The magnitude of the low-temperature endotherm is directly related to the amount of as-formed metastable crystals while the high-temperature endotherm corresponds to the melting of ordered crystals. From the DSC curves, we observed that the magnitude of the first endotherm followed a parabolic trend (the magnitude of the endotherm increased from 80 °C to 140 °C but decreased for sample prepared at 160 °C) with increasing processing temperature. The presence of such metastable as-formed crystals can be attributed to the phase-separation behavior exhibited by the PHB/acetic acid system. The presence of polymer-rich and polymer-poor regions cause localized variations in polymer chain mobility (polymer-rich regions have low mobility) and solvent evaporation rate (polymer-rich regions have slower evaporation rate), which in turn can influence the nature of ordered crystals formed during the solvent evaporation process. The mechanism of phase separation can also influence the orderliness of the crystals, with nucleation and growth mechanism allowing for the formation of highly ordered crystals and spinodal decomposition resulting in relatively disordered metastable crystals. The samples prepared at lower temperatures (80 °C and 100 °C) were more likely to phase separate by nucleation and growth, since the rate of change of polymer solution concentration is much lower and more time was available for the growth of the crystals. Therefore, a smaller fraction of metastable crystals was present, as shown by the relatively small amplitude of the first melting endotherm. As the temperature increased (e.g. to 120 °C and 140 °C), rapid de-mixing due to spinodal decomposition is expected to be the dominant mechanism of crystal growth, which results in the formation of more metastable crystals (and a relative increase in the magnitude of the first peak with respect to the second). As the temperature increased further (160 °C), the phase separation effect became less important because of the high solvent evaporation rate, and the availability of large amounts of thermal energy enabled the formation of highly ordered crystals at the expense of metastable crystallites (resulting in a larger second peak and a smaller first peak).

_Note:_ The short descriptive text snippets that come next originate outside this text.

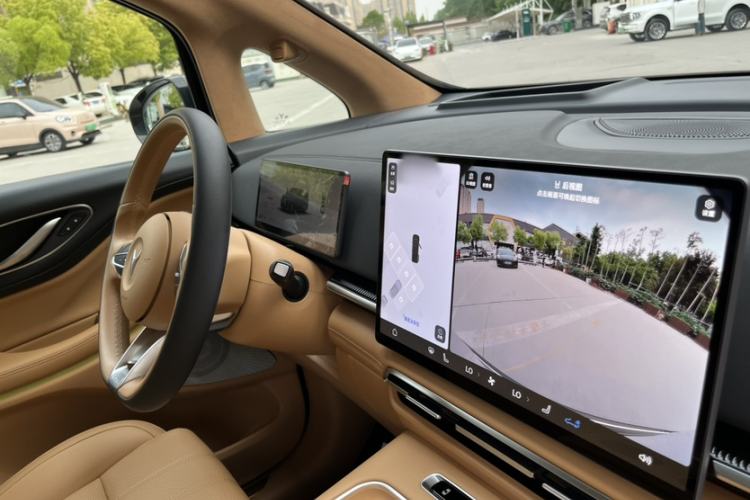 Used VOYAH Dream 2025 PHEV Four-Wheel-Drive Flagship Version – Qiankun Edition Interior 4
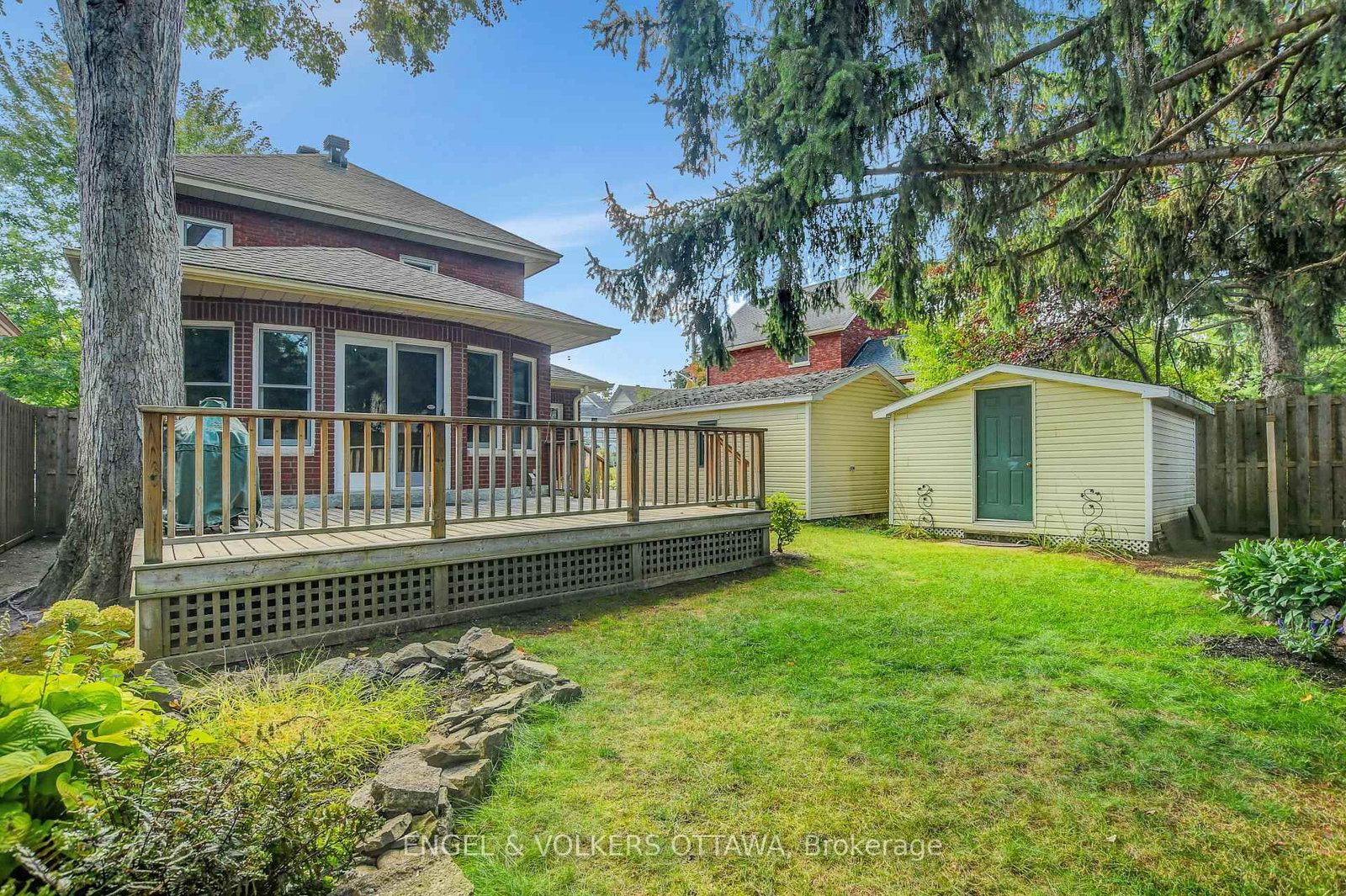 77 Helena Street - Photo 5
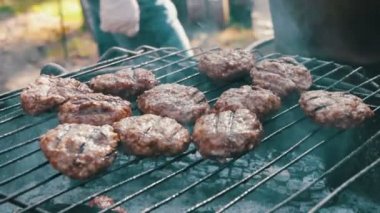 Izgarada hazırlanan Burger için et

We also observe that the DSC heating curve for the sample prepared using chloroform consists of two melting peaks at approximately the same locations as the other samples. However, an additional endotherm at ~ 60 °C was apparent. This peak matches with the evaporation temperature of chloroform, indicating that a small quantity of chloroform remained in the sample even after a long aging time. This could limit the applicability of chloroform-cast PHB films for use in packaging and other applications that involve direct contact with food or the body. The strong interaction between PHB and chloroform can also affect crystal formation. Therefore, the underlying crystallization conditions and structure of the sample solvent cast using chloroform would be much different from the samples cast using acetic acid. Nonetheless, as for the samples cast from acetic acid, a large metastable peak is seen for these samples as well.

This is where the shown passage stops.